- Genre: Comedy
- Written by: Marty Feldman Spike Milligan Barry Levinson Larry Gelbart Rudy De Luca Tim Brooke-Taylor
- Starring: Marty Feldman Spike Milligan Hugh Paddick Bob Todd Valentine Dyall Clovissa Newcombe Frances de la Tour John Junkin Rudy De Luca Barry Levinson
- Composer: Jack Parnell
- Countries of origin: United Kingdom United States
- Original language: English
- No. of seasons: 1
- No. of episodes: 14

Production
- Producer: Larry Gelbart
- Running time: 60 mins (UK) 30 mins (USA)
- Production companies: ATV Greg Garrison Productions Marty Feldman Scripts, Ltd.

Original release
- Network: ITV (ATV Production) ABC TV

= The Marty Feldman Comedy Machine =

1971 ITV comedy-variety sketch series

The Marty Feldman Comedy Machine is a 1971 comedy-variety sketch series, starring British comedian Marty Feldman.
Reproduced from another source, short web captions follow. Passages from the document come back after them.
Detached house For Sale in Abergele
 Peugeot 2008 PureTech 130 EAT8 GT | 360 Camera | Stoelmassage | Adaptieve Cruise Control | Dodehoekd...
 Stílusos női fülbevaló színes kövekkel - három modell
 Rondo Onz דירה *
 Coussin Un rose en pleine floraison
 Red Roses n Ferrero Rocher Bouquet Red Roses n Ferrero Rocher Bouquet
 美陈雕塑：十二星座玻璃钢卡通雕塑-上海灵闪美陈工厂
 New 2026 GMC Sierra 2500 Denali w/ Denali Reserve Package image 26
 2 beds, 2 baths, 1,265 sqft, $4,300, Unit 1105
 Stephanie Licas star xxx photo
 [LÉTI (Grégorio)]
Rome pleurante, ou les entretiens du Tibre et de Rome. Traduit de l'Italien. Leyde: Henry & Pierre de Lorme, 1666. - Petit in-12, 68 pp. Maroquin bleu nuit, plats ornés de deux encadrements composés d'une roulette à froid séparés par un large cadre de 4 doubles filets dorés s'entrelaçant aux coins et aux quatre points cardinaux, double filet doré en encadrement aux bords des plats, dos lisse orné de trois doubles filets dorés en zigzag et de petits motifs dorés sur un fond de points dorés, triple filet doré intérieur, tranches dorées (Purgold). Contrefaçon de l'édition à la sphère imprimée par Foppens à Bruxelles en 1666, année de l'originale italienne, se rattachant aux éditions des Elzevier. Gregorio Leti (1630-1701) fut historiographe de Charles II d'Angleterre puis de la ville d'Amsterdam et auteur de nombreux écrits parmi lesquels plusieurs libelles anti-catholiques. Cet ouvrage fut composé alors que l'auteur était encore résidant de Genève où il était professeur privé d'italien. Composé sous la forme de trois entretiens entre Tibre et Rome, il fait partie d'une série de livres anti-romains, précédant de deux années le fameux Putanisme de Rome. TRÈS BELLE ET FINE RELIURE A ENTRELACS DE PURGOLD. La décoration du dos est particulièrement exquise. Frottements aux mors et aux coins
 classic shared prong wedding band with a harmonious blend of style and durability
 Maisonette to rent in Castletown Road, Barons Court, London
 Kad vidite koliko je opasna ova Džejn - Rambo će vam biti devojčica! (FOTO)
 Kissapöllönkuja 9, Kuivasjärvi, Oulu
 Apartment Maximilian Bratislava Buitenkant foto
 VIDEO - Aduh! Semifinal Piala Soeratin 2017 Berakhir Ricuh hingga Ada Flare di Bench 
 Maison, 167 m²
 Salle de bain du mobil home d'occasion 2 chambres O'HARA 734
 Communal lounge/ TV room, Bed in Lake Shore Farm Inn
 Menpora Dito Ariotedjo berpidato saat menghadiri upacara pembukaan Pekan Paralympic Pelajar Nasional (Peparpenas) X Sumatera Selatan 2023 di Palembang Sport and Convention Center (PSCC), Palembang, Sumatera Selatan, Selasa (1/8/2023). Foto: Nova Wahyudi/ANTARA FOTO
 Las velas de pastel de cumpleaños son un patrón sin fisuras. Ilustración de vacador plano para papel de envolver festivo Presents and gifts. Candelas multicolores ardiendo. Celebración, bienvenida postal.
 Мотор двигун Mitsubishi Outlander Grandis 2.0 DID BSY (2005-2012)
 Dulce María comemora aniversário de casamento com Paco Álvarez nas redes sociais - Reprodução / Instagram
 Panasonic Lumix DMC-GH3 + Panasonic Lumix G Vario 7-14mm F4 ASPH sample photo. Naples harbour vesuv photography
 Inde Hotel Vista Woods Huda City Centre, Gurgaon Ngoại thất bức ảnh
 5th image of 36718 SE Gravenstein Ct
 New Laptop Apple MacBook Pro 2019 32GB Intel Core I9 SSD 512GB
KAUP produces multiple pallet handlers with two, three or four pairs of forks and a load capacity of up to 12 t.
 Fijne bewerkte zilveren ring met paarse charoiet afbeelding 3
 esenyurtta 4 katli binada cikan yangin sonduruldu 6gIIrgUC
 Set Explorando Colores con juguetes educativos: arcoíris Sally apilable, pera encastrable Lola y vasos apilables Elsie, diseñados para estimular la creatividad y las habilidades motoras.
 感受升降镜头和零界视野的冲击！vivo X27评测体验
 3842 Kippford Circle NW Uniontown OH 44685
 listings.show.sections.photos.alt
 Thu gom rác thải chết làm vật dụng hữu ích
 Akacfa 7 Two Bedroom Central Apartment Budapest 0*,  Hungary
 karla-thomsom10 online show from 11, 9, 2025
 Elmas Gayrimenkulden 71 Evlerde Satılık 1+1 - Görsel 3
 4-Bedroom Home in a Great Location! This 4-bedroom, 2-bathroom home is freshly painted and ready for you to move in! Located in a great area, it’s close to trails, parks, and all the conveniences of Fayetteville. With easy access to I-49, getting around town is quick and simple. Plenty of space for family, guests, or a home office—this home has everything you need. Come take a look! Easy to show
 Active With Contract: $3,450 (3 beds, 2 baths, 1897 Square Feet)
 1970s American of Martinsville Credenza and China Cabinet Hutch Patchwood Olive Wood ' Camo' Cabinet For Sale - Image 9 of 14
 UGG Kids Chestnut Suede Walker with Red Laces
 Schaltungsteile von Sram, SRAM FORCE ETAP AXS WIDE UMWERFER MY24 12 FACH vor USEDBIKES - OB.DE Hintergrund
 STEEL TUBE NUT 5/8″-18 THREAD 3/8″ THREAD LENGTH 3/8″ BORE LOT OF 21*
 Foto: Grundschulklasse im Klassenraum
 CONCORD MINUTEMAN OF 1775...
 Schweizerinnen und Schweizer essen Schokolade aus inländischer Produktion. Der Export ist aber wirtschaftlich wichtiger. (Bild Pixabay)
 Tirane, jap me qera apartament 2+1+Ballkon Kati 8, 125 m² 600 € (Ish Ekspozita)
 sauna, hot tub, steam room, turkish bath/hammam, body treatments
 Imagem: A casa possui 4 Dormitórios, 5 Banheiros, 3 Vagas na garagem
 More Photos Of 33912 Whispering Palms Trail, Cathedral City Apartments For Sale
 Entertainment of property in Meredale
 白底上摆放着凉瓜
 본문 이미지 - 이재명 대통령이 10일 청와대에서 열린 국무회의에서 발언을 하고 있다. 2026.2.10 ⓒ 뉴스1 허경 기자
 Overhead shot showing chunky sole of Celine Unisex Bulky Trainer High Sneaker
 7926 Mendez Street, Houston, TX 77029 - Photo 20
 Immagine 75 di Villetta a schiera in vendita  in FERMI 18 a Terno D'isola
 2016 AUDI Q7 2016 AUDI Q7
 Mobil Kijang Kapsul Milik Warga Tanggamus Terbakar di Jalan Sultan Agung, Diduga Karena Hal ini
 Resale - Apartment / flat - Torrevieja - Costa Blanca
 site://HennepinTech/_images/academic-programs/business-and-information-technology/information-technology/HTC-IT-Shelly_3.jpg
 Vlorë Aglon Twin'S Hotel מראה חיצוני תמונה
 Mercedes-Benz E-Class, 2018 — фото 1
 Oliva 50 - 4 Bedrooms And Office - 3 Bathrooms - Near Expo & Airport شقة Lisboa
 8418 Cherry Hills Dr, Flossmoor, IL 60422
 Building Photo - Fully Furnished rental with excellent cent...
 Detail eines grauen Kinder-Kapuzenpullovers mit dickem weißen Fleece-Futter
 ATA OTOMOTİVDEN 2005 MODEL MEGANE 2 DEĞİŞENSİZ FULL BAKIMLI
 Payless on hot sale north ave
Co-produced by ATV in the UK and ABC TV in the United States, it was recorded at ATV's Elstree Studios. It features opening and closing credits animated by Terry Gilliam, as well as featuring guest appearances by Spike Milligan, John Junkin and Frances de la Tour. It also featured sketches written by Rudy De Luca, Barry Levinson, and Larry Gelbart.

Long unavailable, the complete series was to be released on DVD in the UK through Network on 6 June 2016. However, the release has been postponed indefinitely when Network went out of business.